▶ _TASK BRIEF_: Give again, exactly as written, the lines of the records below from the line with "Photo of Bathroom in Hillion" to the line with "Продажа Б/У Митсубиши Оутлэндер. Фото: #12". Both end lines count; pictures do not.

[[ DATA RECORDS open ]]

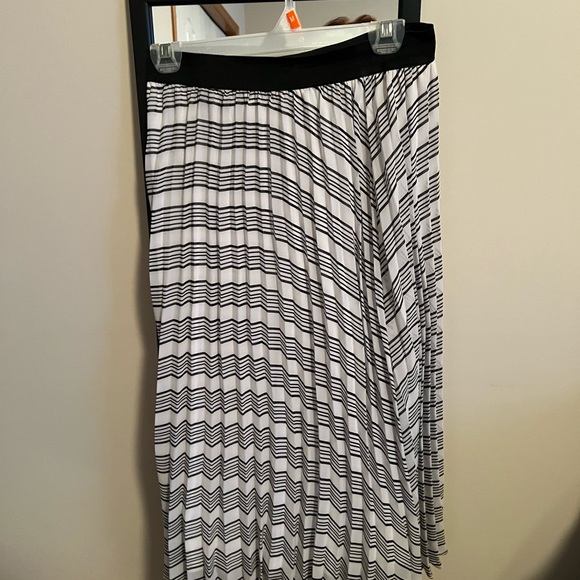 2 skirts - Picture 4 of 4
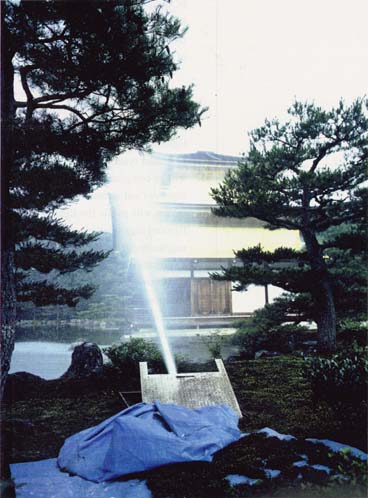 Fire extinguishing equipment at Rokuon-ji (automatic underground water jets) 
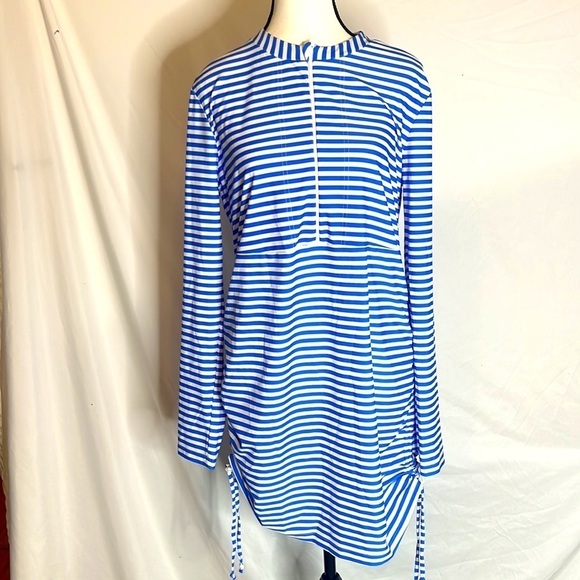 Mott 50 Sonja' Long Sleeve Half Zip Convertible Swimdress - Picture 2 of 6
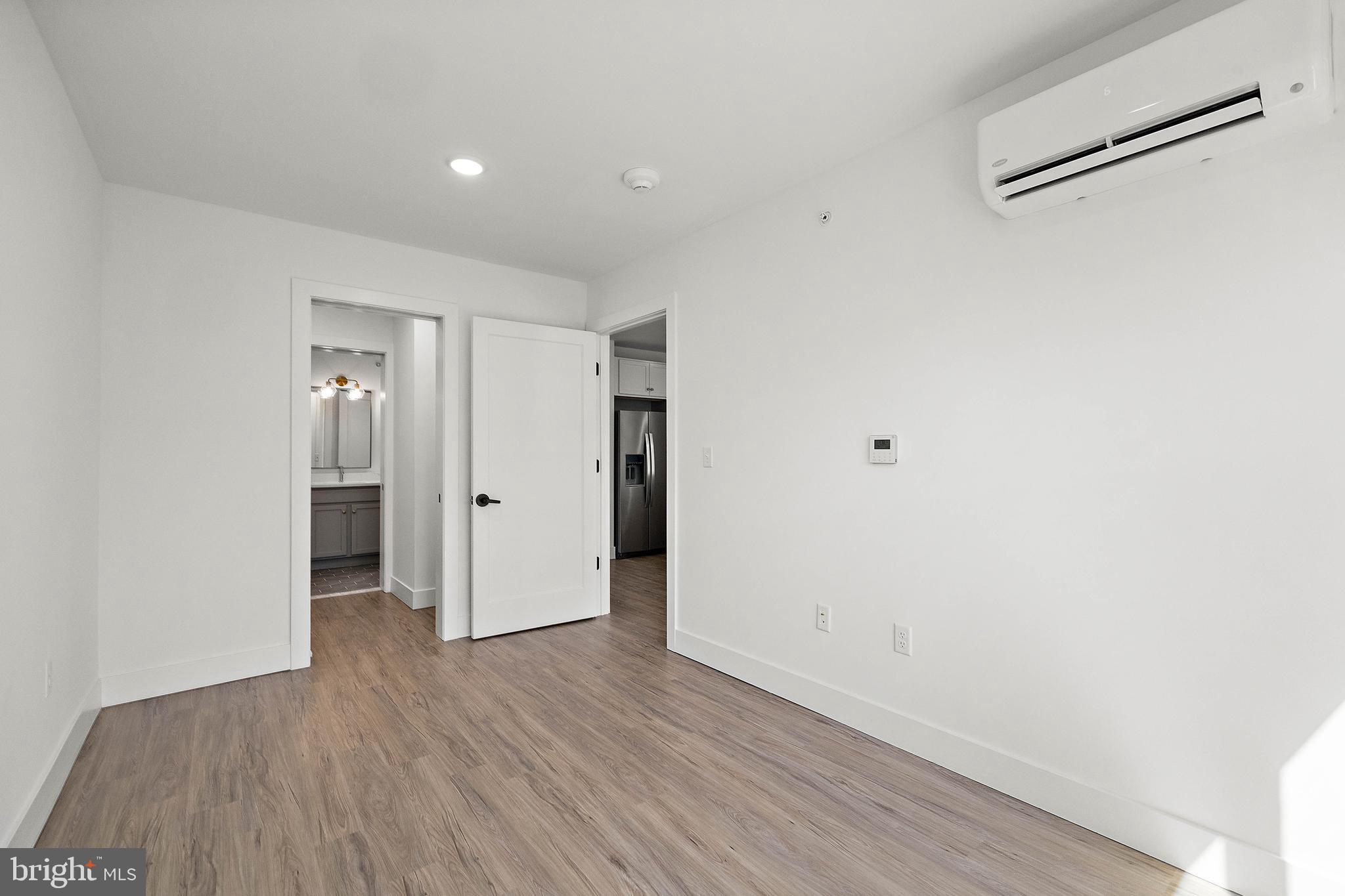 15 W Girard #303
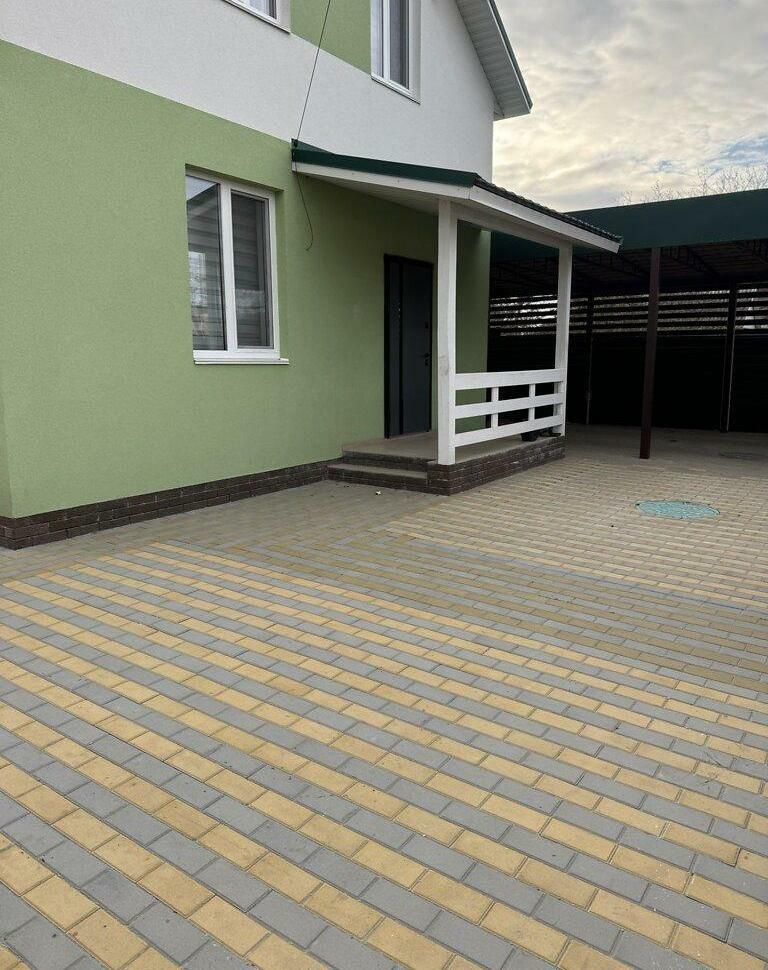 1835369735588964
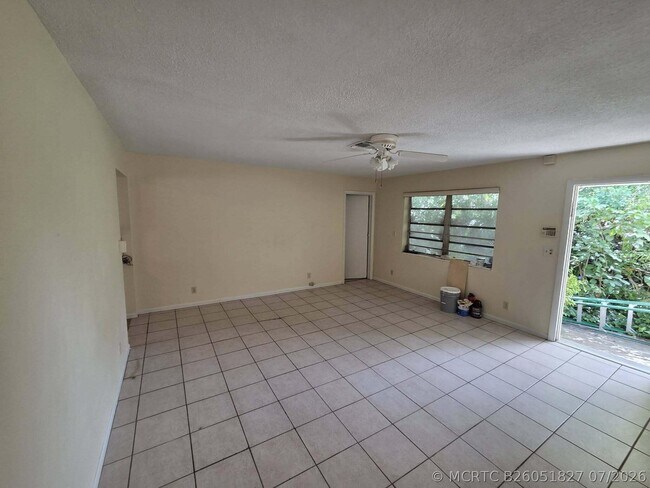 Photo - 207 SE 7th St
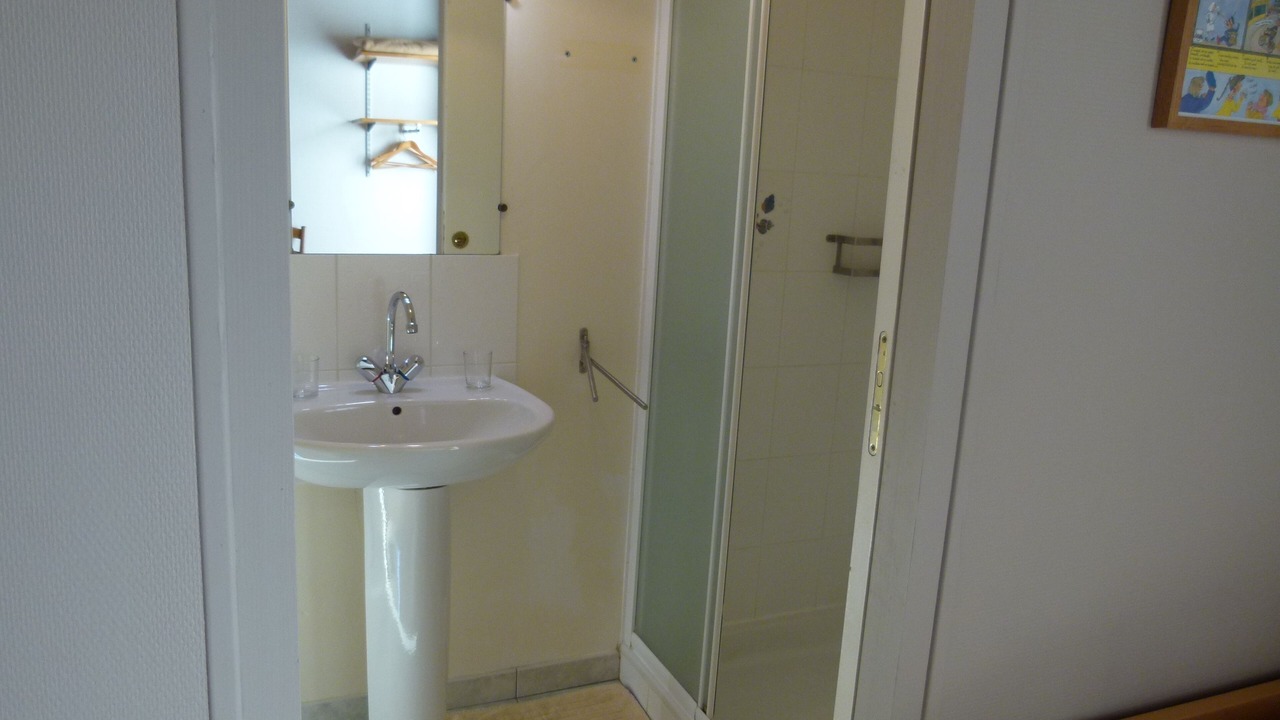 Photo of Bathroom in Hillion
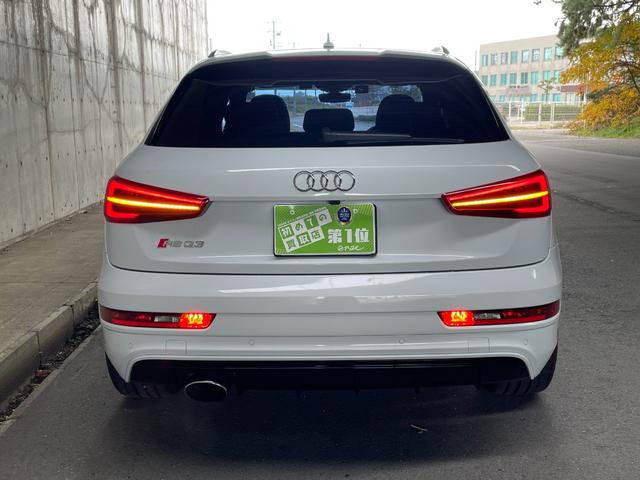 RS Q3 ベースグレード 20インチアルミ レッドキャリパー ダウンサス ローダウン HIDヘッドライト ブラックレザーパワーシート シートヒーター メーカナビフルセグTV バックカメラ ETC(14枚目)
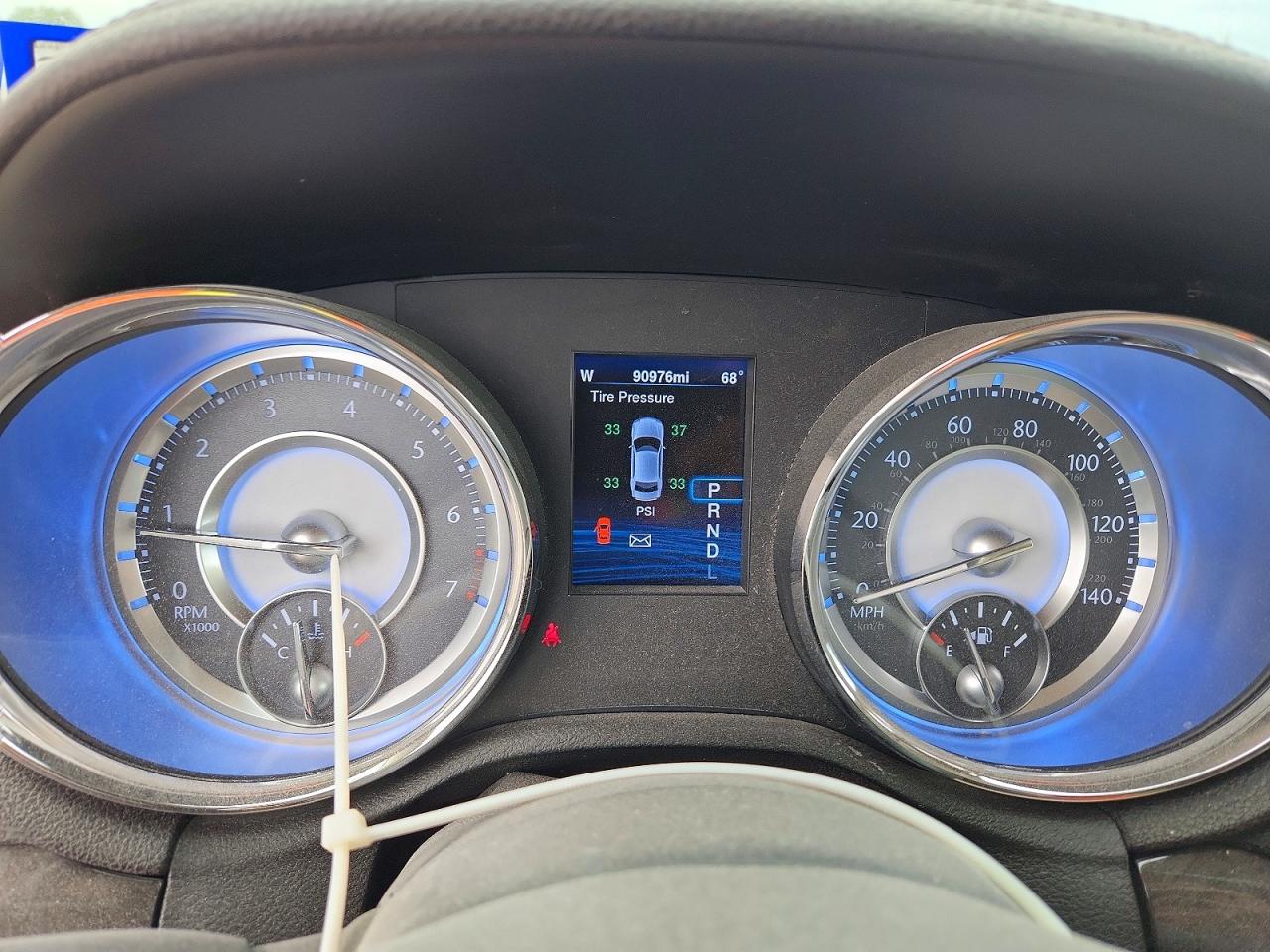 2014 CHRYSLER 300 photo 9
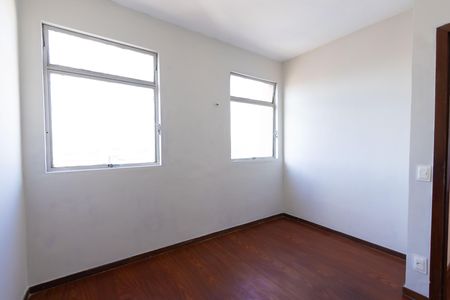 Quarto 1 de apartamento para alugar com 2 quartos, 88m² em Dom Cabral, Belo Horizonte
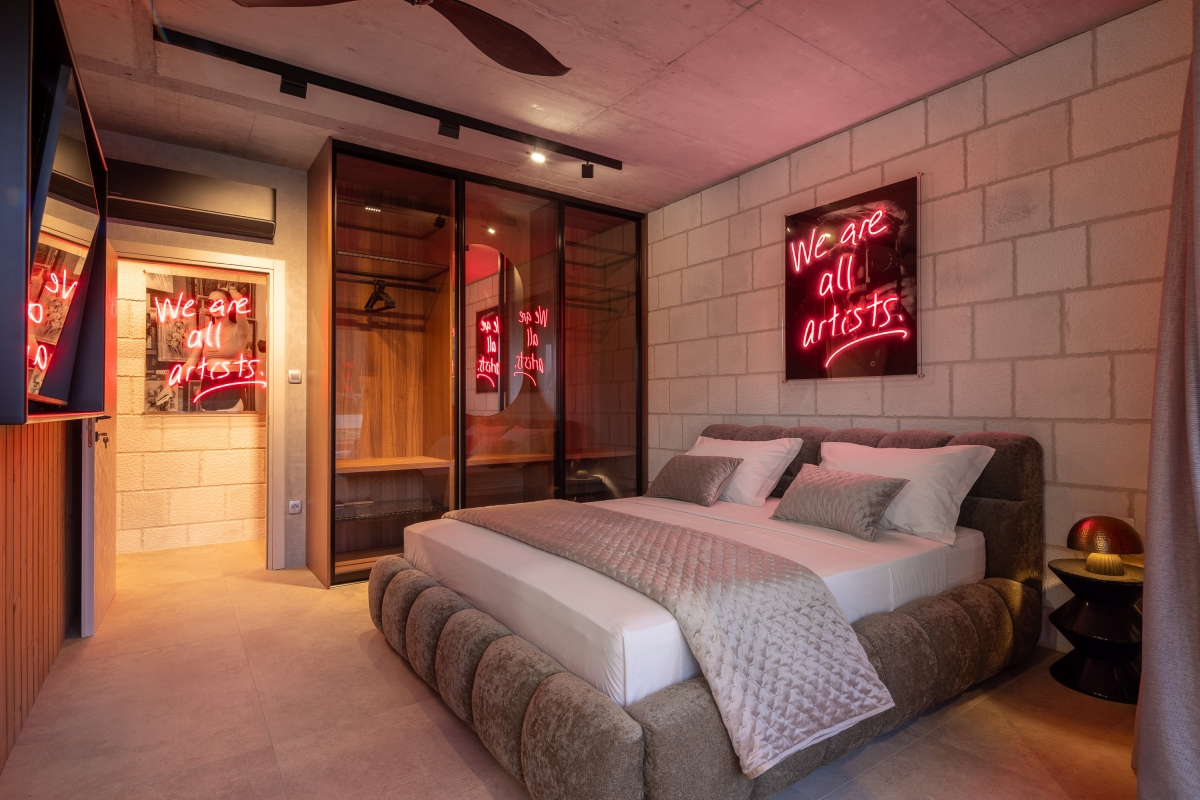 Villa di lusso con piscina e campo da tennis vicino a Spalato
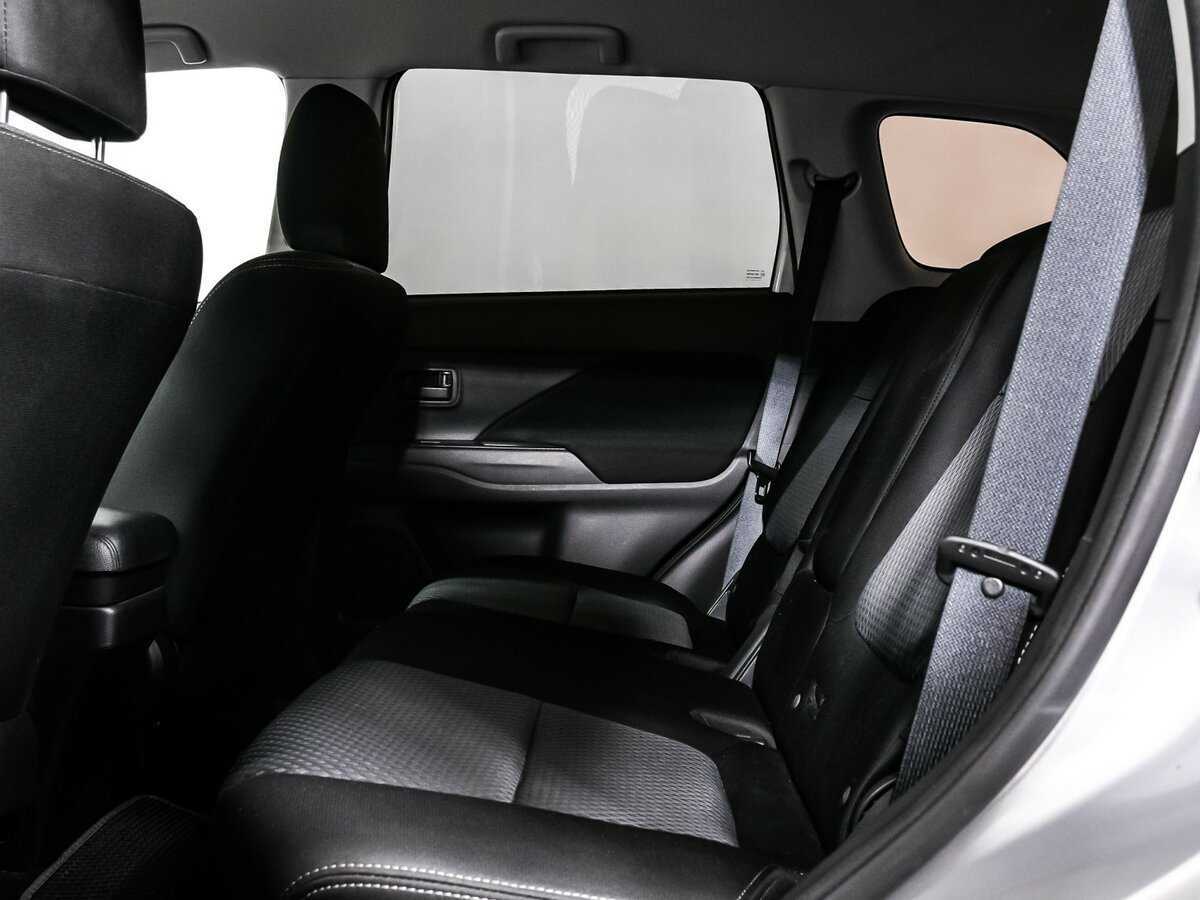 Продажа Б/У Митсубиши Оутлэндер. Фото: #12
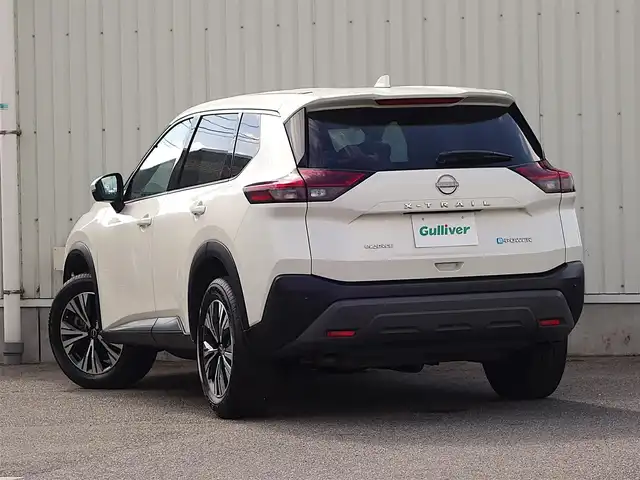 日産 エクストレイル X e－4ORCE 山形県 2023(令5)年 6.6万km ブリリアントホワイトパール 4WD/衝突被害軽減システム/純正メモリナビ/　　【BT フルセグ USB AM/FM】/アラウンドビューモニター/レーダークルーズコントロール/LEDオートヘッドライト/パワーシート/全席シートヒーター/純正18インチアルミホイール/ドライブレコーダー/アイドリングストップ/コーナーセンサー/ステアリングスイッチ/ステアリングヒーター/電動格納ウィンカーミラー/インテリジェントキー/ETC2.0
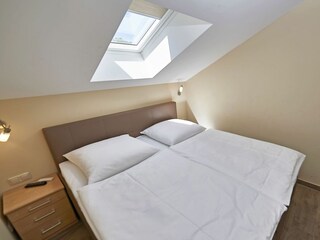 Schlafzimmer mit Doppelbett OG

[[ DATA RECORDS closed ]]

▶ _RESPONSE BOX_:
 Photo of Bathroom in Hillion
 RS Q3 ベースグレード 20インチアルミ レッドキャリパー ダウンサス ローダウン HIDヘッドライト ブラックレザーパワーシート シートヒーター メーカナビフルセグTV バックカメラ ETC(14枚目)
 2014 CHRYSLER 300 photo 9
 Quarto 1 de apartamento para alugar com 2 quartos, 88m² em Dom Cabral, Belo Horizonte
 Villa di lusso con piscina e campo da tennis vicino a Spalato
 Продажа Б/У Митсубиши Оутлэндер. Фото: #12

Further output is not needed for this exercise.